Rose schaute zu ihrem Dad, der am anderen Ende der Tanzfläche war und vor einer Minute sehr überrascht registriert hatte, wer ihr Tanzpartner war. Seit diesem Augenblick warf er Scorpius mörderische Blicke zu. Sie war nur froh, dass Scorpius das nicht zu bemerken schien.

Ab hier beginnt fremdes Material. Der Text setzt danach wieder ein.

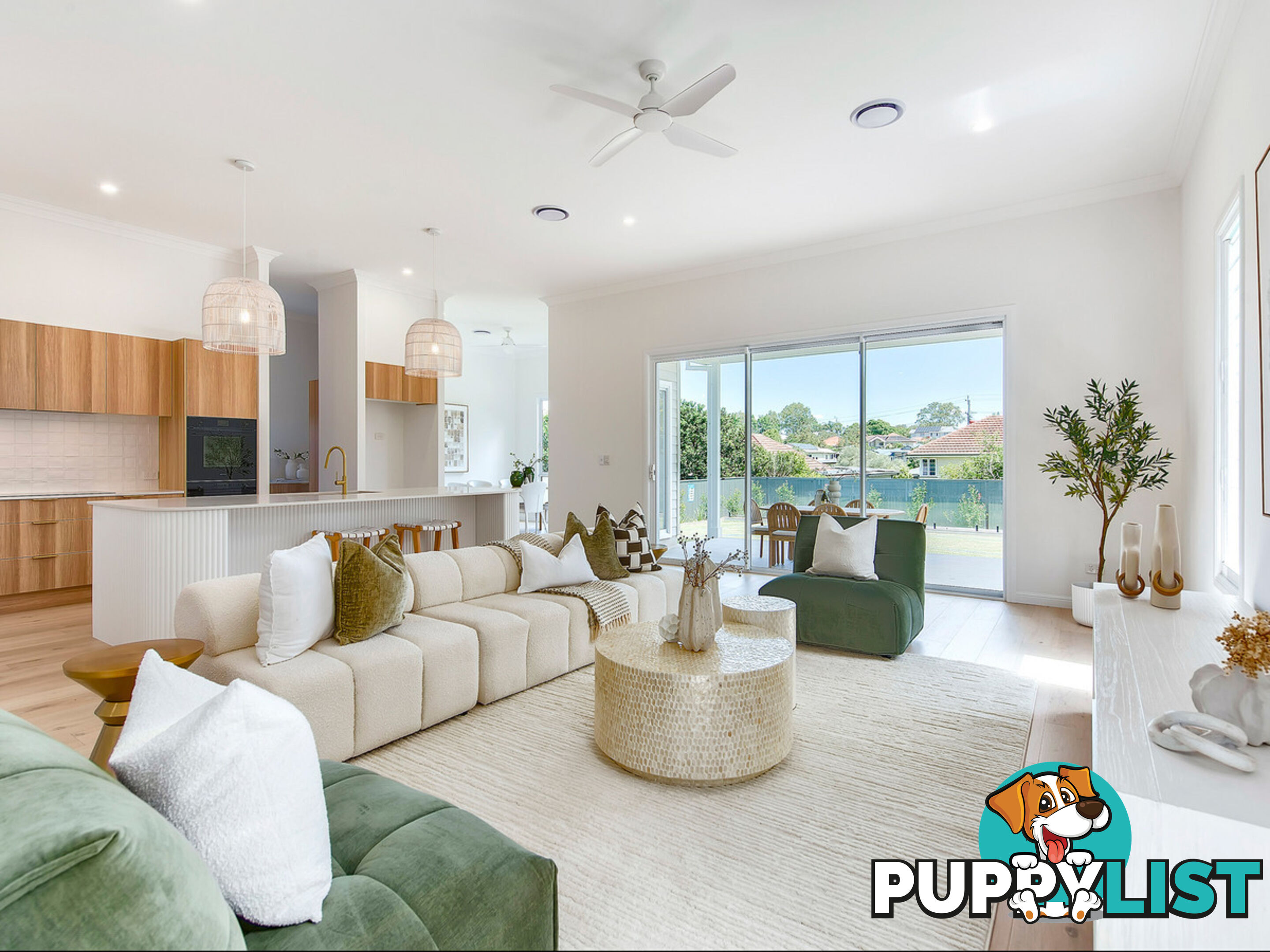 63 Twelfth Avenue KEDRON QLD 4031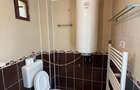 Casa 4 camere P+M zona 3 Insule - 2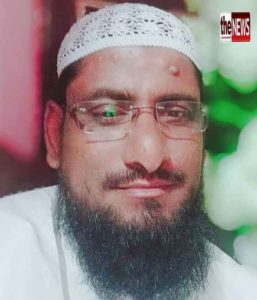 द न्यूज़20210420_205301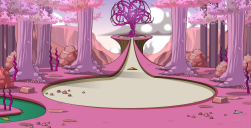 pinktree room4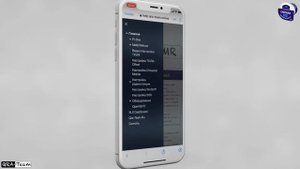 QRA-APP!!! Появилось вот такое интересное мобильное приложение для корреспондентов QRA-Team)))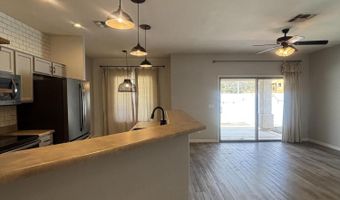 948 E Savannah, Chandler, AZ 85225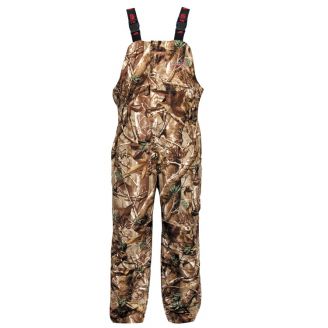 Norfin Hunting Trapper Passion Hunting Suit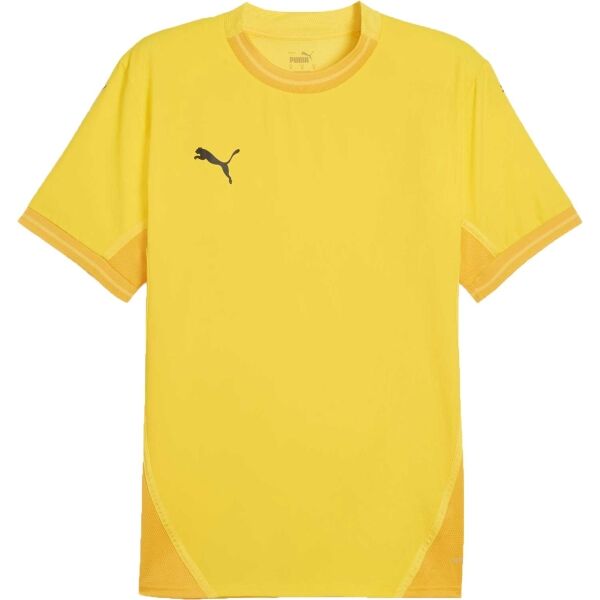 Puma TEAMFINAL JERSEY Pánský fotbalový dres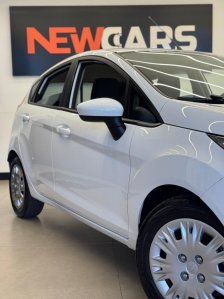 Ford  foto 2
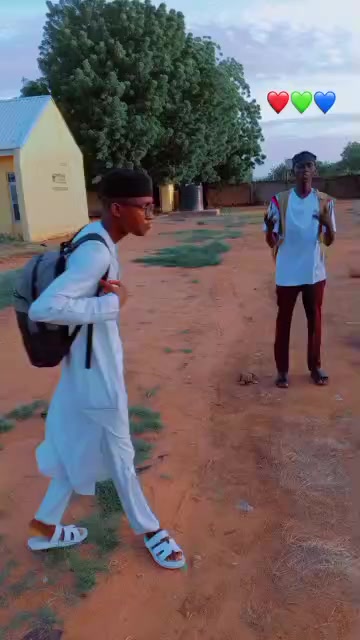 @Real Am&iuml;&ntilde;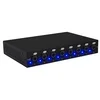 Flock Audio CX signalni adapter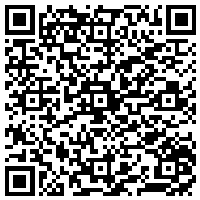 QR Code for bitcoin:bitcoin:bitcoin:bitcoin:bitcoin:bitcoin:bitcoin:bitcoin:bitcoin:bitcoin:39DaJFYYTiPyBj5j289mi65HSPyqkbjMCu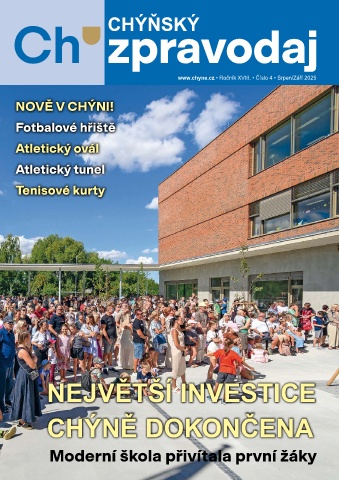 Náhledový obrázek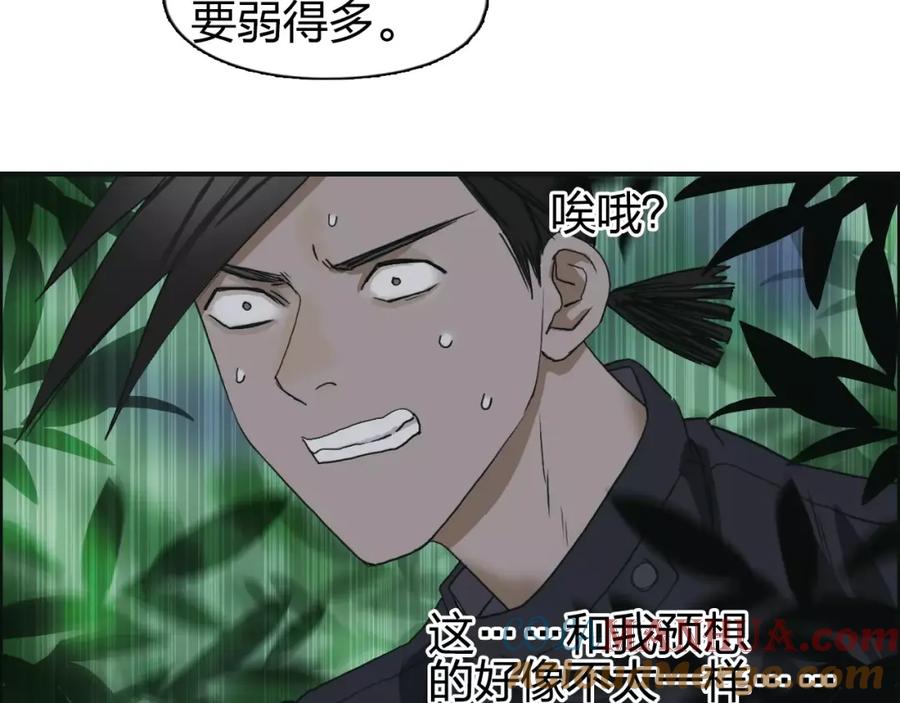 58.jpg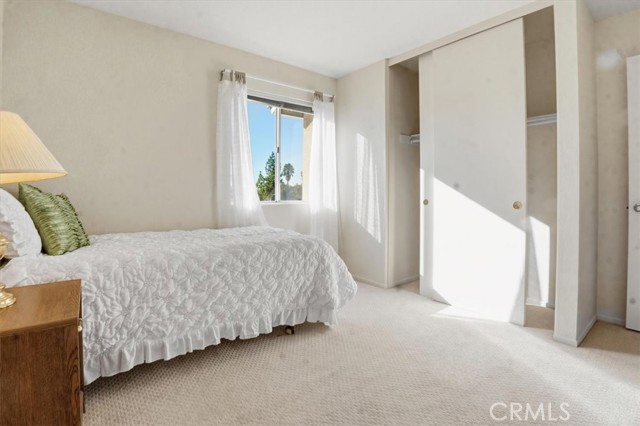 MLS #IV25241725 image #39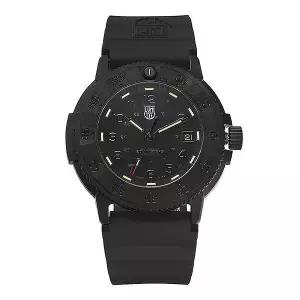 루미녹스 XS.3001.EVO.BO 남성 시계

"Meine Familie kann sehr anstrengend sein, besonders alle auf einmal", erwiderte sie. Scorpius nickte. Das wusste er nur zu gut. "Außerdem sind wir noch nicht so lange zusammen. Und wenn ich ihn mit hierher nehmen würde, dann würde mein Dad ihn stundenlang verhören und mir anschließend bestimmt sagen, dass er nicht gut genug für mich ist und dass ich noch viel zu jung bin für einen Freund und dass ich mit Sex besser warten sollte, bis ich dreißig oder vierzig bin." Wahrscheinlich eher fünfzig. Sie schüttelte den Kopf. "Darauf kann ich verzichten." Besonders, weil das zwischen ihr und Joseph sowieso nichts ernstes war. Sie würde alles Gold, was sie hatte, darauf verwetten, dass sie nächstes Jahr nicht mehr mit ihm zusammen sein würde.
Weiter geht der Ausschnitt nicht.